In the Java language, an interface is like a stripped-down class: it specifies a set of methods that an instance must handle, but it omits inheritance relations and method implementations.

     Object-oriented programming is sometimes modeled as communication between objects—one object talks to, or sends a message to, another object by invoking a method on it. In this view, an interface in the Java language specifies the bare minimum one object needs to know in order to talk to another object: a set of abstract methods , that is, methods minus any implementation information. Put another way, an interface specifies how you can talk to an object, but says nothing about what kind of object will handle your messages. It is the job of one or more class instances to provide the substance behind an interface's promise.
     Interfaces are a close cousin to classes, and their declarations resemble class declarations. For example, the Runnable interface in the java.lang package (JDK 1.0.2 and 1.1) is declared as follows:

     /* in Runnable.java (JDK 1.0.2 and 1.1): */
     public interface Runnable {
     public abstract void run();
     }

An interface can also contain static final variables, called class constants; see The Java Language Specification, pp. 186-188, for details.
     Interfaces provide the minimal level of dependence between interacting objects. An interface focuses purely on the role an object plays—what services it can provide—without making any restrictions on the class of the object.

Ans : 

A class implements an interface by declaring that it implements the interface and by providing implementations for all methods contained in the interface.
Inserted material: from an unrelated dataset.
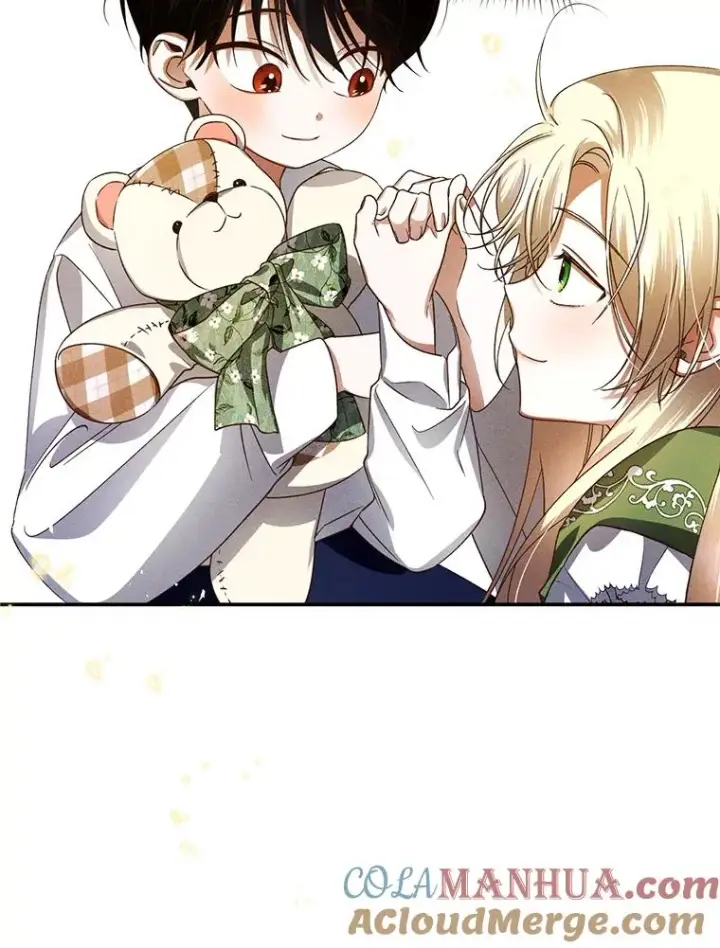 漫画《如何隐藏皇帝的孩子》3.见面的目的第22张图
     Despite not having any implementation, an interface embodies both form and intent. When you define an interface, you specify the set of methods in the interface; you should also specify the intended meaning of each method. Correspondingly, implementing an interface requires that a class match the interface in both form and intent:

• the class provides implementations for all the methods in the interface
• the class declares explicitly that it implements the interface

Because both steps are required, implementing an interface is guaranteed to be a deliberate choice by the class's author. Simply having the same methods as an interface is not sufficient.
     For example, Applet subclasses commonly implement the Runnable interface in order to run themselves in a separate thread. The Runnable interface in the java.lang package declares just a single run method taking no parameters. A Runnable Applet subclass must therefore declare that it implements the Runnable interface and must define a run method:

     public class MyApplet extends java.applet.Applet
		implements Runnable
    {
	    // ...
     	    public void run() {
                     // ... code to run the applet in a separate thread
     	    }
     }

     Note: If a class implements an interface, all its subclasses automatically implement the interface, too. Also, you can declare that an abstract class  implements an interface yet omit some of the method declarations. This amounts to a promise (checked by the compiler) that any concrete subclasses of that abstract class will fully declare and implement the methods in the interface.

Ans :  

You can't; you must instantiate a class that implements the interface.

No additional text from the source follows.